El Sacramento de la Penitencia.
Jesús dejó a su Iglesia el poder
de perdonar, de modo que el proceso de nuestra reconciliación pasara por un
sacramento visible. No es, por tanto, una arbitrariedad o una necedad que
debamos ir al sacerdote para exponer nuestros delitos y solicitar el perdón.

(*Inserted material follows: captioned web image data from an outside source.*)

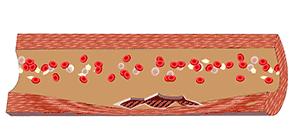 血管堵塞动态图片,血管疏通动图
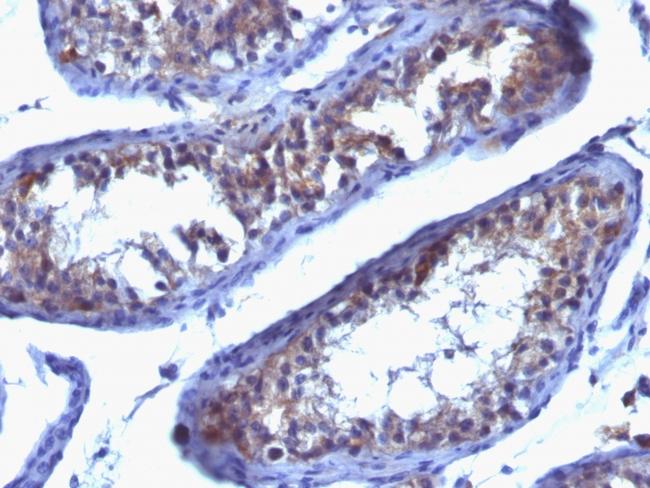 Prolactin Receptor (PRL-R) Antibody in Immunohistochemistry (Paraffin) (IHC (P))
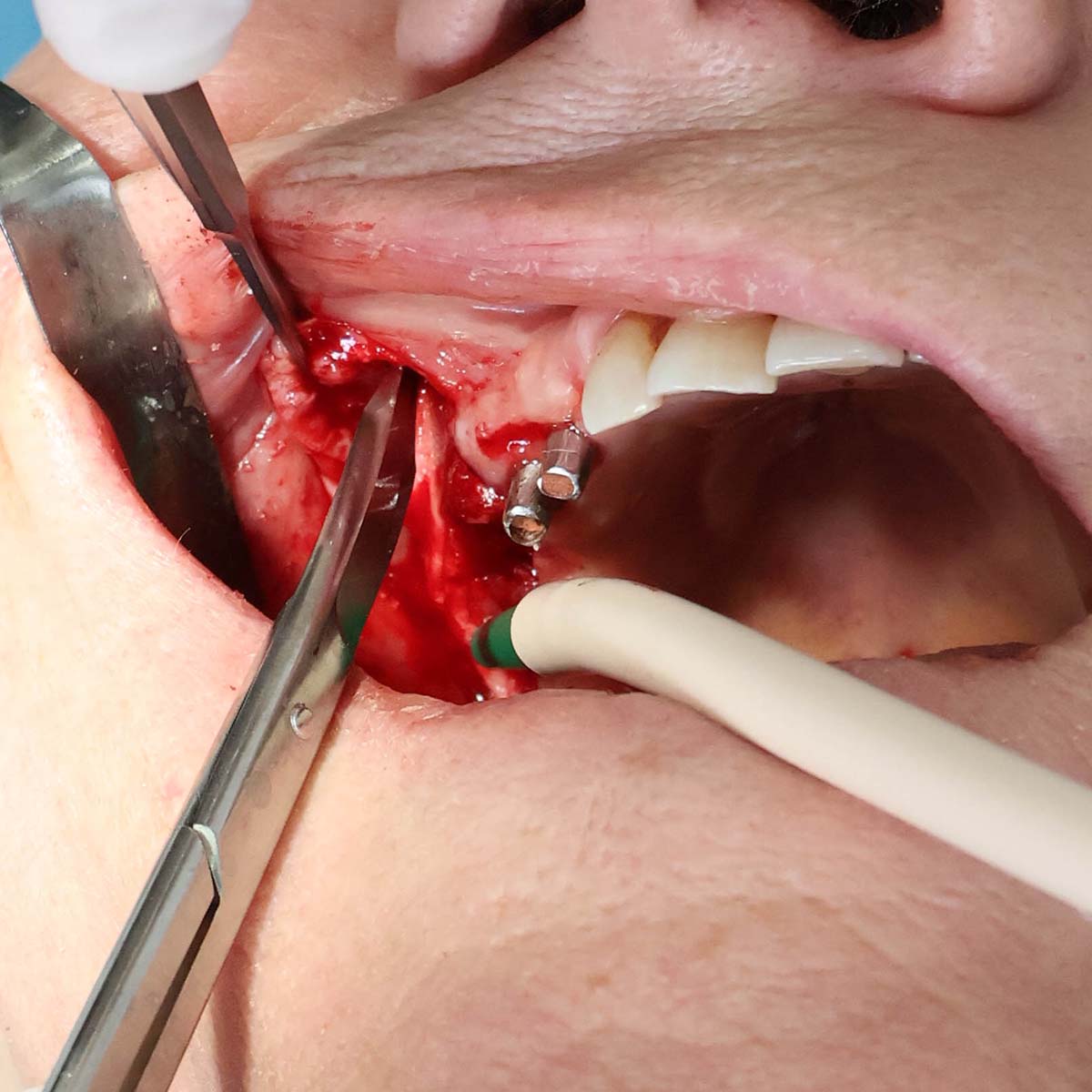 Impianti dentali in centro a Milano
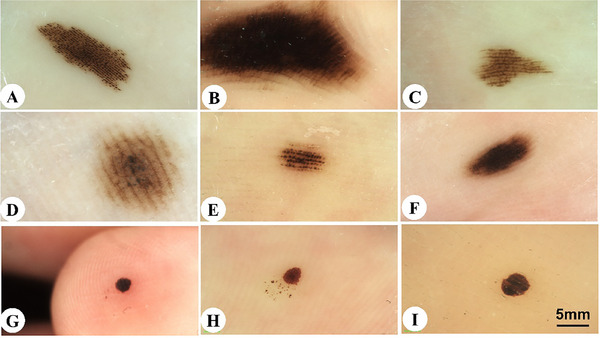 Multi-panel dermoscopic photograph showing the typical patterns of acral (plantar and palmar) melanocytic nevi: (A) parallel furrow pattern with linear pigmentation along the skin furrows, (B) fibrillar pattern with fine parallel fibers running perpendicular or oblique to furrows, (C) lattice-like reticular pattern with pigmented bands connecting adjacent ridges, (D) mixed pattern (pea pod appearance), (E) globular pattern with pigment spheres of varying sizes, (F) homogeneous pattern with uniform tan or brown regions, and (G-I) black heel (talon noir) features shown for comparison
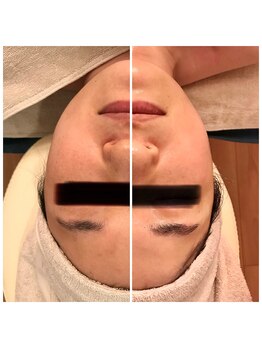 ルミリラ(lumi.Lyra)/あたりが強くないストーンかっさ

Así lo estableció nuestro Señor Jesucristo; ésa fue su primera resolución luego
de salir del sepulcro; tenía prisa de dejar al mundo el cauce por el que
fluyeran las aguas purificadoras para los corazones manchados. La tarde misma
del día de su resurrección, una vez que nos había reconciliado con el Padre por
medio de su muerte, Jesús se apareció a los Apóstoles, en el amplio salón donde
se había realizado la Última Cena. Los discípulos retrocedieron asombrados con
una mezcla de temor y gozo, mientras Jesús les hablaba para serenarlos. Pero
dejemos que sea san Juan (20, 19-23) quien nos lo narre: ‘Jesús vino y puesto
en medio de ellos les dijo: La paz esté con ustedes. Y diciendo esto les mostró
las manos y el costado. Los discípulos se alegraron viendo al Señor. Él
repitió: la paz esté con ustedes. Como me envió mi Padre, así los envío yo.

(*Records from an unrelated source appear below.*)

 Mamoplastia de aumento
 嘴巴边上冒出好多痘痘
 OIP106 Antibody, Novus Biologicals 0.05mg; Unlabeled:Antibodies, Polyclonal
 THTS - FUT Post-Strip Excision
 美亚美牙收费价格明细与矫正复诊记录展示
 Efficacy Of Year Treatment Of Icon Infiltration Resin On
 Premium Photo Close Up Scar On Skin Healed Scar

Diciendo esto sopló y les dijo: Reciban el Espíritu Santo; a quien perdonaren
los pecados les serán perdonados; a quienes se los retengan, les quedan
retenidos’.
En palabras menos sublimes, lo
que Jesús dijo fue: ‘En cuanto Dios, tengo poder de perdonar los pecados. Ahora
les transmito a ustedes el uso de ese poder. Ustedes serán mis representantes;
cualquiera que sea el pecado que perdonen, yo lo perdonaré. Cualquier pecado
que no perdonen, yo no lo perdonaré’. Jesús sabía bien que muchos perderíamos
la gracia, la participación en la propia vida divina que se nos dio en el
Bautismo. Y como la misericordia de Dios es infinita e inagotable, Él dispuso
darnos una segunda oportunidad (y una tercera, y una cuarta, y mil o un millón,
si hiciera falta), para aquellos que recayéramos en el pecado.
Si nos gusta o no el modo
establecido para recibir el perdón de los pecados es algo secundario. Hemos de
aceptarlo porque es de institución divina, es decir, porque Jesús lo determinó
así, igual que los otros seis sacramentos. Pero por encima de nuestras
preferencias personales habríamos de manifestarle una gratitud profunda por
este maravilloso medio de la gracia. Ahí se nos perdona todo, y no una vez sino
cuantas acudamos con actitud sincera. Sería demasiado terrible ir llevando a
cuestas por la vida, mes tras mes y año tras año, las pesadas piedras de los
pecados de toda nuestra existencia. En el sacramento de la confesión Dios los perdona
y los olvida. Las piedras grandes, las medianas y las pequeñas que venían
aplastando nuestra conciencia ya no cargan más sobre nuestros hombros. Han
quedado pulverizadas, destruidas; aún más: han desaparecido. La preciosa Sangre
de Cristo, precio de nuestra redención, derramada toda en la cima del Calvario,
tiene la virtud purificadora más asombrosa que podemos imaginar. Perdona todo y
al instante, independientemente del número y la gravedad. Como el sacrificio de
Jesús es sobreabundante, ha quedado saldada toda deuda posible. La conciencia
se libera: si volvemos a fallar -ni Dios ni nosotros lo queremos, pero somos
también conscientes de nuestra debilidad-, no será la número cien o la mil,
sino la primera, porque Dios perdona y olvida. La sensación de ligereza y paz
en nuestra alma luego de una confesión bien hecha es señal clara de lo ocurrido
en nuestro interior. ¿Seguiremos, después de todo, considerando este sacramento
como una desagradable y temible confrontación? ¿O diremos, como Santa Catalina
de Siena, sabiendo que al confesarse recibía el torrente de misericordia
fluyendo del costado abierto del Jesús, “voy a la Sangre”?